▸ Source records:

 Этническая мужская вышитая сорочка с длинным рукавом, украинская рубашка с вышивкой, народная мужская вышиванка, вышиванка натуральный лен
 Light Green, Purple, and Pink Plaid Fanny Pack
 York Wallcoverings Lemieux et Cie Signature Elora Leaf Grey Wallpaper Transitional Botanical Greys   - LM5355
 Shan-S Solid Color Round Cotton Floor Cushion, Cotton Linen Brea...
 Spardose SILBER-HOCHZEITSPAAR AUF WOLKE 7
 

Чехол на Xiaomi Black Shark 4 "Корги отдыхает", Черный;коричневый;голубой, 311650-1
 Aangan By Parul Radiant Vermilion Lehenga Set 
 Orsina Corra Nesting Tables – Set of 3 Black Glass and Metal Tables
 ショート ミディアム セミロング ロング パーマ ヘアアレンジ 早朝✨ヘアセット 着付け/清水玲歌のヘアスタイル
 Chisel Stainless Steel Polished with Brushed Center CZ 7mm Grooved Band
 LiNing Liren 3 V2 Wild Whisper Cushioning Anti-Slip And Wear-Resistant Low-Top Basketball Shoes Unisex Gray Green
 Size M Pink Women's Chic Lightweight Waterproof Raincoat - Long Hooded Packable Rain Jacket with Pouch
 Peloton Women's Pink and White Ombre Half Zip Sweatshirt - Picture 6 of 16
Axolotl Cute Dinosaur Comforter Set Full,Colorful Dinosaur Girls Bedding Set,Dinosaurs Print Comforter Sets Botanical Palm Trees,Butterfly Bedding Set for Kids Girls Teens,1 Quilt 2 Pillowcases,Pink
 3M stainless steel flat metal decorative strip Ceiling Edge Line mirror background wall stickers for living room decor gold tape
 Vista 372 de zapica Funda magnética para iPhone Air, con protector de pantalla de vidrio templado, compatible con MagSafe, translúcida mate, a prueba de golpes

▸ What you will do:
What is wanted is the line containing "Chisel Stainless Steel" and every line after it through the last line of the entries, printed exactly.

▸ The answer:
 Chisel Stainless Steel Polished with Brushed Center CZ 7mm Grooved Band
 LiNing Liren 3 V2 Wild Whisper Cushioning Anti-Slip And Wear-Resistant Low-Top Basketball Shoes Unisex Gray Green
 Size M Pink Women's Chic Lightweight Waterproof Raincoat - Long Hooded Packable Rain Jacket with Pouch
 Peloton Women's Pink and White Ombre Half Zip Sweatshirt - Picture 6 of 16
Axolotl Cute Dinosaur Comforter Set Full,Colorful Dinosaur Girls Bedding Set,Dinosaurs Print Comforter Sets Botanical Palm Trees,Butterfly Bedding Set for Kids Girls Teens,1 Quilt 2 Pillowcases,Pink
 3M stainless steel flat metal decorative strip Ceiling Edge Line mirror background wall stickers for living room decor gold tape
 Vista 372 de zapica Funda magnética para iPhone Air, con protector de pantalla de vidrio templado, compatible con MagSafe, translúcida mate, a prueba de golpes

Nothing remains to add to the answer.